Refugee Week
17 – 23 June 2024
In the lead up to Refugee Week (17 – 23 June 2024), Depot brings you a series of events and films exploring the diversity of experiences among refugees and people seeking safety
‘Refugee Week is the world’s largest arts & culture festival celebrating the contributions, creativity and resilience of refugees and people seeking sanctuary. Established in 1998 in the UK, this annual festival aligns with World Refugee Day, celebrated globally on June 20th.’ – refugeeweek.org.uk
Films & events in this season
Shamboogie
Celebrate this mid-summer at Depot as Shamboogie comes to Dalliance. DJ Shamblin Sexton (The Great Eastern, Brighton) plays a super summer set of jazz funk, rare groove and sun-soaked soul records to see you through the longest Saturday night of the year.
Feature Kitchen
Formed in 2017, the fantastic Feature Kitchen have a simple goal – to help cooks from various cultural backgrounds to share their food.

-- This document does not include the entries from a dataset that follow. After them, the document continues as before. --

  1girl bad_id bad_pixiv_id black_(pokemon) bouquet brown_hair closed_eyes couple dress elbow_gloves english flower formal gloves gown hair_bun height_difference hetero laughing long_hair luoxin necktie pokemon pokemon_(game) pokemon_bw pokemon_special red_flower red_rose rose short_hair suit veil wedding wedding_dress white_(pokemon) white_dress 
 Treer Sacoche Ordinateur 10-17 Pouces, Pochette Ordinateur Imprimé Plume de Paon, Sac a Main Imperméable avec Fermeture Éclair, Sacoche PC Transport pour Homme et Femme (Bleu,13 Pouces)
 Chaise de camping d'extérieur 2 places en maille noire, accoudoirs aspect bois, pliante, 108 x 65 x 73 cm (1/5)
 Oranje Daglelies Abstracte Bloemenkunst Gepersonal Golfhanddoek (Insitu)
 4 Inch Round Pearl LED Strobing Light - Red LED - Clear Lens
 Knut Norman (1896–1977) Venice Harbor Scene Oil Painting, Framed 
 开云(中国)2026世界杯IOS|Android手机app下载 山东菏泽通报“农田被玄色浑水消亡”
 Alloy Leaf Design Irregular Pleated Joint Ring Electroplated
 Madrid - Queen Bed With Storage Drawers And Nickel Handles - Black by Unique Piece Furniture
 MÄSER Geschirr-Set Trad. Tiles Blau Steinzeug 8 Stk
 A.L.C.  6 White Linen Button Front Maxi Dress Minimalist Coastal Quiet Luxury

This week, they’ll be bringing us a menu from Genet, an Ethiopian refugee living in Brighton who dreamed of cooking for the public as she had done before migrating.
In partnership with local charity The Launchpad Collective who support refugees into employment.
This week’s menu:
Coming soon…
Exhibition
Odyssey of a Line: The Calligraphic Journey of an Immigrant Artist Ramin Imantalab
Depot’s Studio – Free Entry
In partnership with local charity The Launchpad Collective who support refugees into employment.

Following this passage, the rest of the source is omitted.